Partió a la Casa del Padre, la noche entre el 14 y el 15 de julio de 1274 en Lyon, Francia.
«El gozo espiritual es la mejor señal de que la gracia habita en un alma», escribió alguna vez San Buenaventura, místico y teólogo franciscano, Doctor de la Iglesia, conocido como el “Doctor Seráfico”, gracias la grandeza de sus escritos, particularmente encendidos de amor y fe, y por ello, de inmenso provecho para la vida espiritual e intelectual.
San Buenaventura nació en Bagnoregio, Italia, en 1221. Después de recibir el hábito de la orden franciscana, estudió en la Universidad de París, Francia, donde llegaría a enseñar teología y Sagrada Escritura, exhibiendo un profundo conocimiento de las relaciones entre la filosofía, la teología y la fe.
Buenaventura dedicaba mucho tiempo a la oración y al estudio.

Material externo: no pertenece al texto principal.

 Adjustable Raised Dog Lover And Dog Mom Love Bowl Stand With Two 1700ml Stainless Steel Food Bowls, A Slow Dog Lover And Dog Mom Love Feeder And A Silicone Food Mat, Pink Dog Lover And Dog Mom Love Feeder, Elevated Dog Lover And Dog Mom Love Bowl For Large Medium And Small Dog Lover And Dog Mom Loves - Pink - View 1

Llevaba siempre una discreta y serena sonrisa en el rostro, reflejo de su alma siempre en búsqueda de Dios. La finura de espíritu que poseía lo llevó a reverenciar más y más la grandeza de Dios, pero también le generó cierto problema espiritual.
Fray Buenaventura empezó a considerarse indigno, lleno de faltas, y, por eso, algunas veces, se abstuvo de comulgar, aun cuando lo deseaba con todo su corazón. Llegó a ver en sí mismo solo sus pecados y defectos.
Dios, por su parte, le mostró que su misericordia está más allá de los cálculos humanos: la tradición señala que uno de esos días en los que Fray Buenaventura había decidido no acercarse a recibir la
comunión, un ángel llevó un pedacito de una de las hostias consagradas desde el altar hasta su boca.
Después de eso, San Buenaventura no volvería a ser el mismo, y volvería a comulgar normalmente, sabiéndose pecador pero, antes que cualquier cosa, amado, profundamente amado por Dios. Dios le estaba mostrando con ello, al mismo tiempo, el camino para el orden sacerdotal.
Una de las más importantes obras que escribió fue el “Comentario sobre las sentencias de Pedro Lombardo”, una brillante suma -o compendio- de teología escolástica. Sobre él dijo alguna vez el Papa Sixto IV: «la manera como (San Buenaventura) se expresa sobre la teología, indica que el Espíritu Santo hablaba por su boca”.
Estando el Santo instalado como Maestro de la Universidad de París, vivió tanto los años de florecimiento teológico y filosófico -coincidió con Santo Tomás de Aquino como profesor- como aquellos años llenos de conflictos o tensiones entre los miembros de la comunidad académica. Sufrió la hostilidad generada contra los franciscanos, así como los excesos de las pugnas intelectuales en torno a la naturaleza de la teología y su relación con la filosofía o la razón. La situación llegó a tal punto que los franciscanos fueron retirados de la enseñanza. Afortunadamente el Papa Alejandro IV intervino y después de una cuidadosa investigación se les devolvió todas las cátedras a los hijos de San Francisco, empezando por la del propio Buenaventura. En 1257, él y Santo Tomás de Aquino recibieron el título de doctores.
Ese mismo año, Buenaventura fue elegido superior general de los frailes menores. Al asumir el cargo recibió una orden desgarrada entre los que pedían una severidad inflexible y los que deseaban mitigar la regla original. En ese contexto, el Santo volvió a las fuentes y empezó a escribir la vida de San Francisco de Asís. Precisamente en esa etapa San Buenaventura recibe la visita de Santo Tomás de Aquino quien había tomado conocimiento sobre aquello que estaba escribiendo el franciscano. Al llegar lo encontró en su celda, en plena contemplación, y decidió retirarse Santo Tomás se retiró diciendo: “Dejemos a un Santo trabajar por otro Santo”.
San Buenaventura sería nombrado posteriormente Obispo de Albano y llamado inmediatamente a Roma. El Papa Gregorio X lo creó cardenal y le encomendó la preparación de los temas del Concilio ecuménico de Lyon -sobre la unidad con los ortodoxos griegos- en el que participó activamente.
Renunció al cargo de superior general de la Orden y poco tiempo después partió a la Casa del Padre, la noche entre el 14 y el 15 de julio de 1274 en Lyon, Francia.